# Exercise data
• • • • •
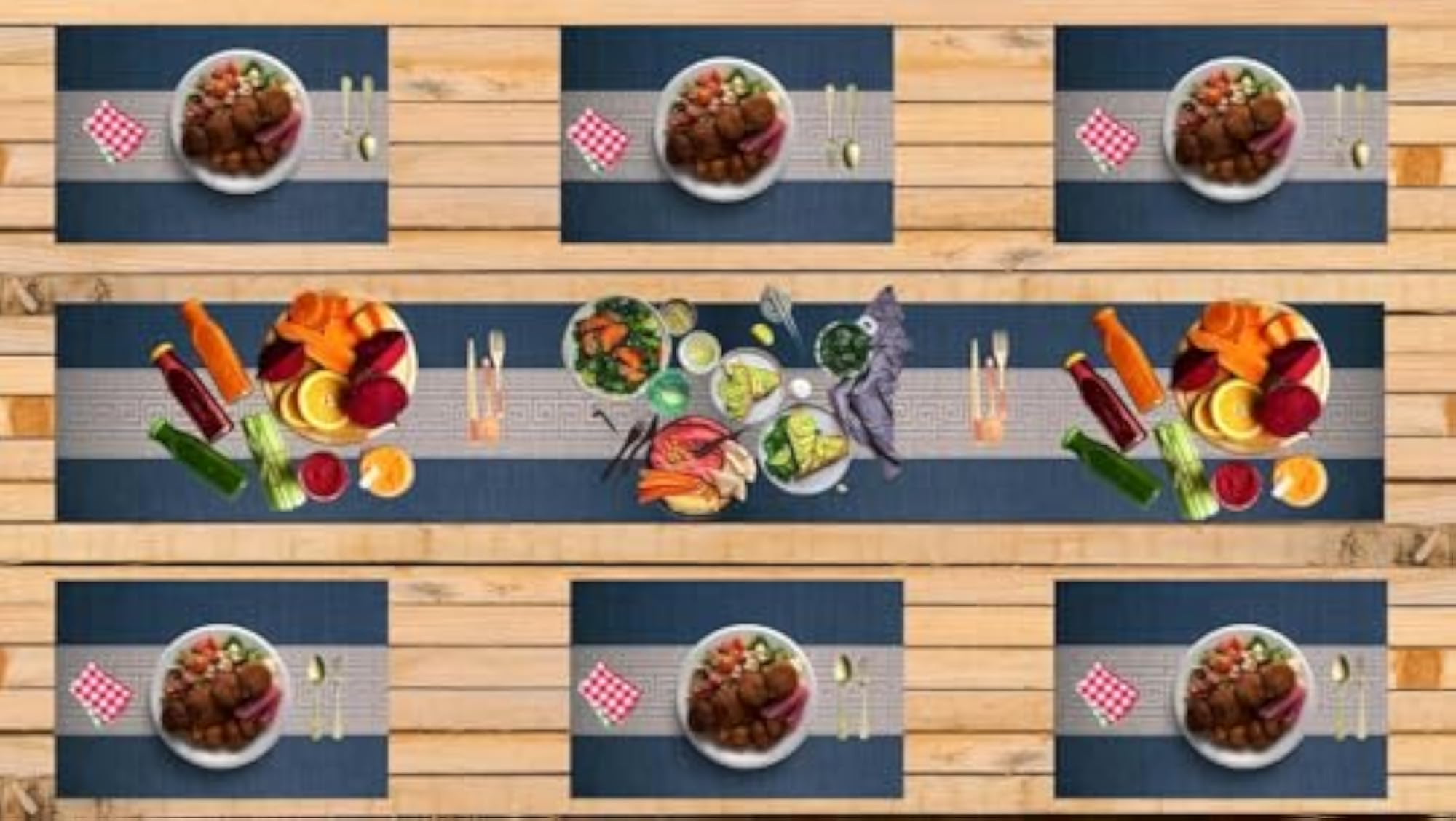 Viny Heat Resistant Washable Kitchen Tablemat Set with Runner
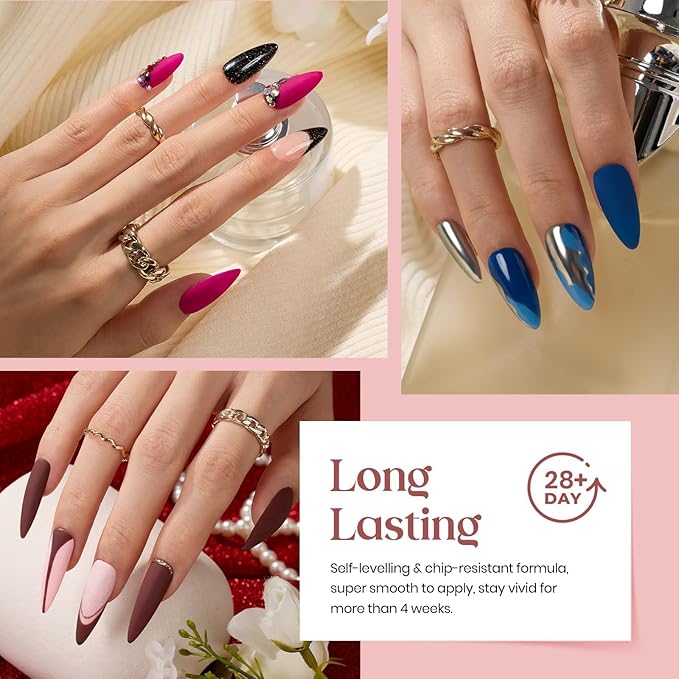 Beetles Gel Polish Kit, Nude Gray Pink Blue Burgundy Glitter Gel Polish Set Modern Muse Collection with 3Pcs Base Matte Glossy Top Coat Soak off Uv Gel for Women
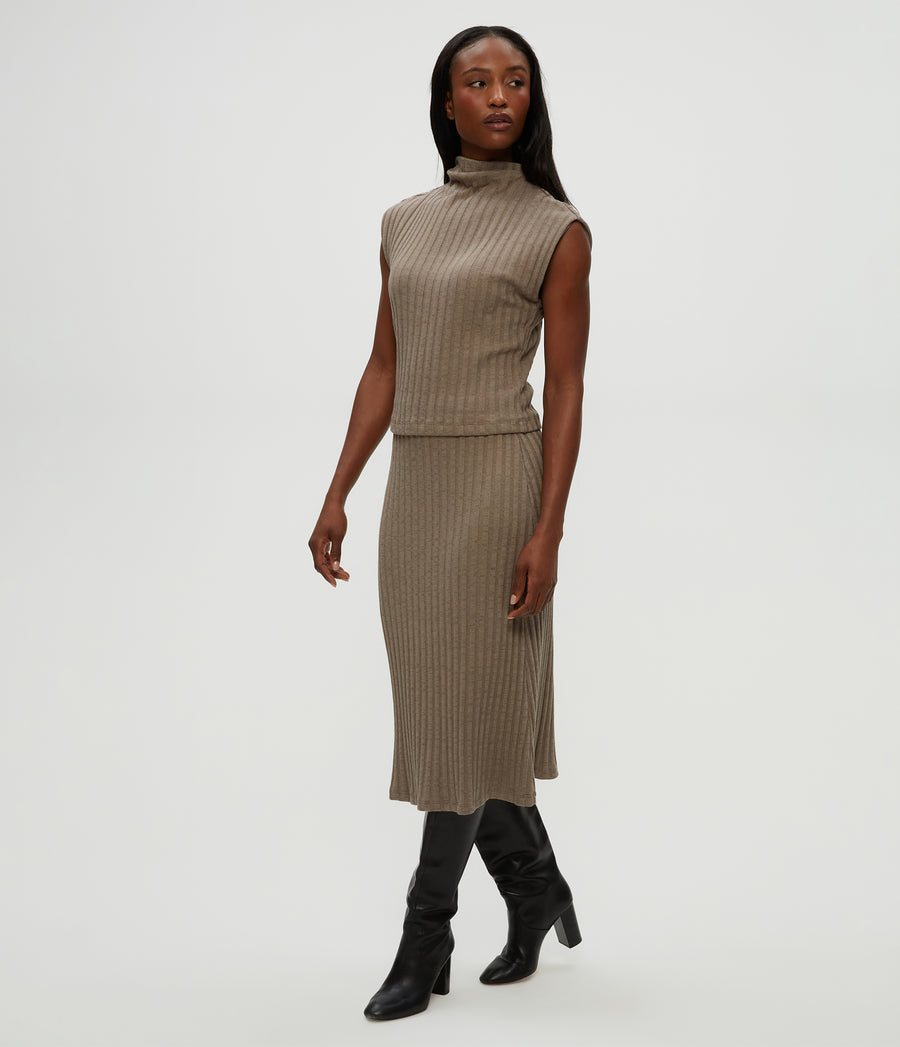 Shania Midi Skirt in Cobblestone Brown Side View #COBBLESTONE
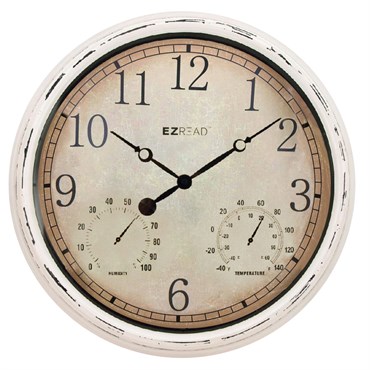 Headwind 15" EZ Read In/Out Clock White Weathered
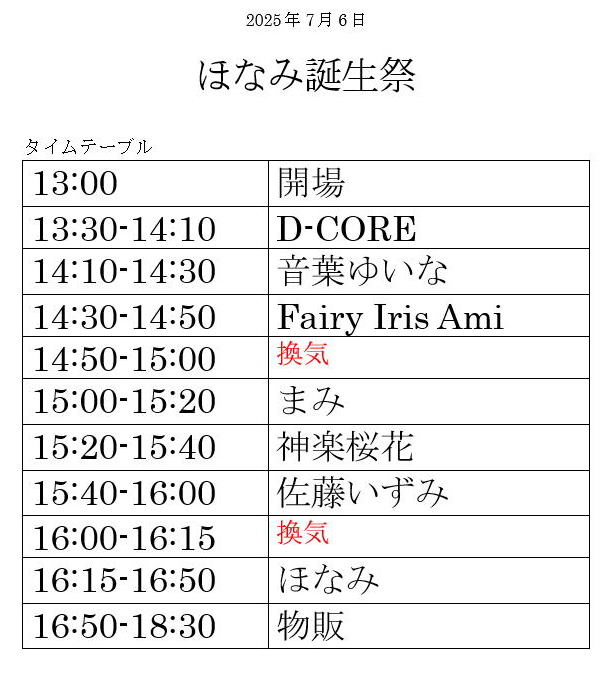 Office千火堂 (@d_core_3) on Twitter photo 7月6日~ほなみ誕生祭~
D-BOX/予約2500円/当日3000円(1D込)
開場13:00/開演13:30
ゲスト:Fairy Iris Ami、まみ、神楽桜花、佐藤いずみ、音葉ゆいな、D-CORE
~記念Tシャツ完売です!~
ご予約 dcore@dance-core.com 又は各運営様まで 7月6日~ほなみ誕生祭~
D-BOX/予約2500円/当日3000円(1D込)
開場13:00/開演13:30
ゲスト:Fairy Iris Ami、まみ、神楽桜花、佐藤いずみ、音葉ゆいな、D-CORE
~記念Tシャツ完売です!~
ご予約 dcore@dance-core.com 又は各運営様まで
• • • • •
Transcribe the listing above verbatim. Omit the pictures.

 Viny Heat Resistant Washable Kitchen Tablemat Set with Runner
 Beetles Gel Polish Kit, Nude Gray Pink Blue Burgundy Glitter Gel Polish Set Modern Muse Collection with 3Pcs Base Matte Glossy Top Coat Soak off Uv Gel for Women
 Shania Midi Skirt in Cobblestone Brown Side View #COBBLESTONE
 Headwind 15" EZ Read In/Out Clock White Weathered
 Office千火堂 (@d_core_3) on Twitter photo 7月6日~ほなみ誕生祭~
D-BOX/予約2500円/当日3000円(1D込)
開場13:00/開演13:30
ゲスト:Fairy Iris Ami、まみ、神楽桜花、佐藤いずみ、音葉ゆいな、D-CORE
~記念Tシャツ完売です!~
ご予約 dcore@dance-core.com 又は各運営様まで 7月6日~ほなみ誕生祭~
D-BOX/予約2500円/当日3000円(1D込)
開場13:00/開演13:30
ゲスト:Fairy Iris Ami、まみ、神楽桜花、佐藤いずみ、音葉ゆいな、D-CORE
~記念Tシャツ完売です!~
ご予約 dcore@dance-core.com 又は各運営様まで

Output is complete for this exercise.